FIG. 13 is a simplistic depiction of another embodiment of a tubing hanger 40A that may be employed in connection with the apparatus shown in FIGS. 10-12. The tubing hanger 40A has a body 40X and an internal passageway or bore 41 as reflected by the dashed lines in FIG. 13. In this example, the above-described orientation slots 17 (see FIGS. 2 and 3—which are now tubing hanger orientation slots) are formed in the body 40X of the tubing hanger 40A around the entire outer perimeter of the tubing hanger 40A. An internally threaded adjustable nut 39 with a bottom landing surface 39A is adapted to be threadingly coupled to the exterior of the body 40X of the tubing hanger 40A prior to the tubing hanger 40A being run into the well, i.e., while the tubing hanger 40A is at a surface location. As before, each of the slots 1 is adapted to receive the above-described orientation spring-loaded, outwardly-biased key 18 (not shown in FIG. 13). The orientation key 18 will be positioned in one of the slots 17 such that, after the tubing hanger 40A is installed, the tubing hanger 40A (and ultimately the production outlet of the production tree) will be properly oriented relative to the field. In this example, the helical slot or groove 60 defined in the wellhead 10 is adapted to receive the orientation key 18 attached to the tubing hanger 40A.
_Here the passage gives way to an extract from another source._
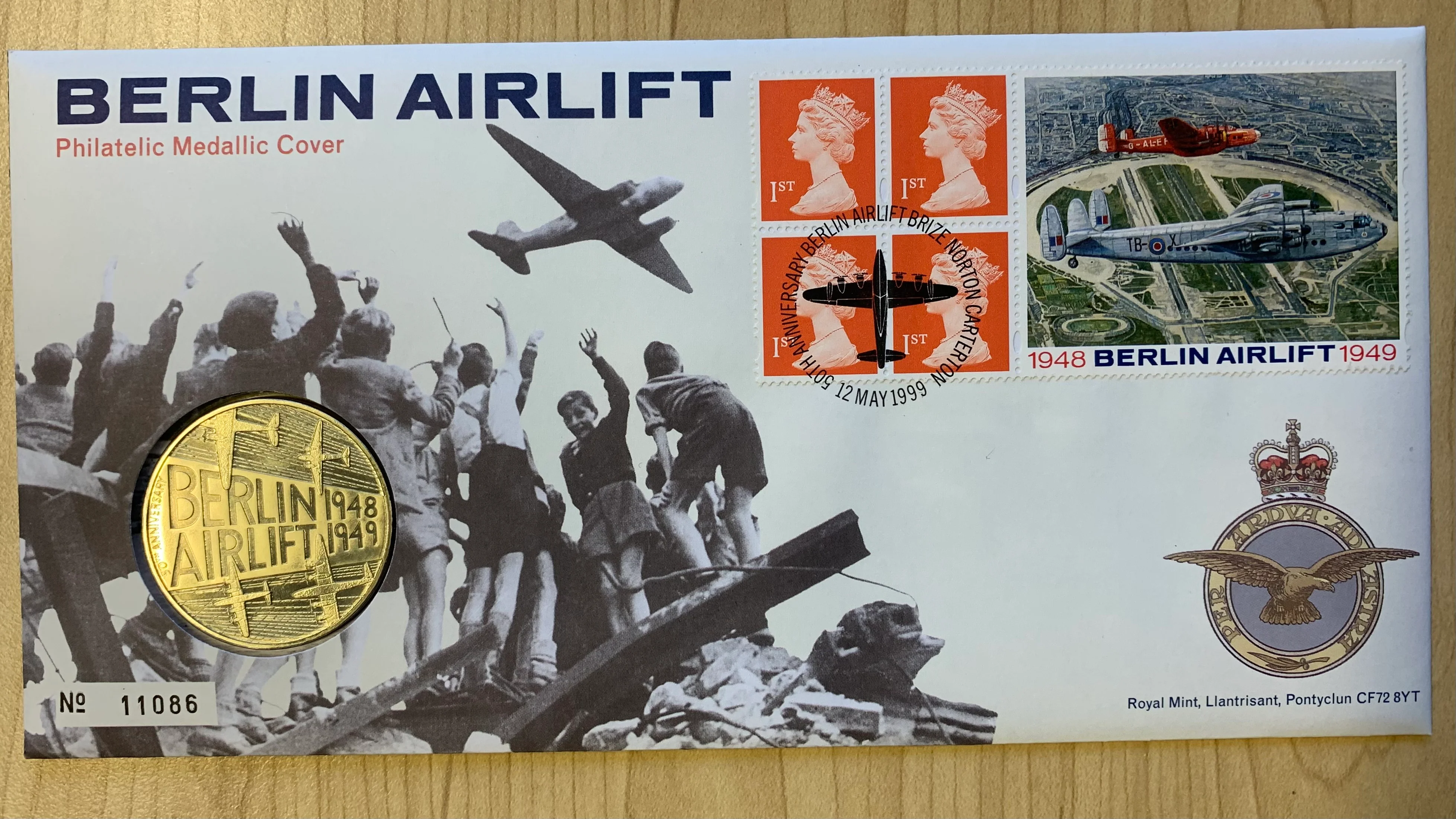 GB Great Britain 1999 Berlin Airlift Medalic PNC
One illustrative method of using the tubing hanger 40A involves the following steps. Initially, the wellhead 10 (i.e., high-pressure housing) may be landed and locked within the conductor pipe 85 without regard to the orientation of the wellhead 10. Thereafter, the as-installed orientation or heading of the wellhead 10 is measured or determined using any of a variety of different techniques. In one example, the as-installed orientation of the wellhead 10 may be determined by observing the orientation of an external reference mark on the wellhead 10. Thereafter, a lead impression tool (not shown) may be run into the well and landed on the uppermost casing hanger. The lead impression tool is used to locate or find the vertical position of the locking grooves (not shown) formed on the inside of the wellhead (or other structure) that will ultimately receive the orientation key 18 when the tubing hanger 40A is positioned at the proper vertical location within the wellhead 10 (or other structure). With the as-installed wellhead orientation now known, the orientation key 18 may be positioned in one of the tubing hanger orientation slots 17 in the tubing hanger 40A while the tubing hanger 40A is at the surface on a vessel or platform, i.e., prior to running the tubing hanger 40A into the well. The precise tubing hanger slot 17 selected for insertion of the orientation key 18 will be determined such that, when the orientation key 18 on the tubing hanger 40A is engaged with the tubing hanger orientation slot 61 in the wellhead 10, the tubing hanger 40A will be oriented radially in a desired position such that, when the production tree is coupled to the tubing hanger 40A, the production outlet of the production tree will be oriented at the desired target orientation for the production outlet. At that point, with the tubing hanger 40A still at the surface, the internally threaded adjustable nut 39 is rotated (clockwise or counter clockwise) so as to fix the vertical distance between the bottom 39A of the adjustable nut 39 and the orientation key 18 such that, when the bottom surface 39A of the adjustable nut 39 lands on the uppermost casing hanger, the orientation key 18 will be positioned vertically within the wellhead such that the orientation key 18 can engage the previously located locking grooves in the wellhead.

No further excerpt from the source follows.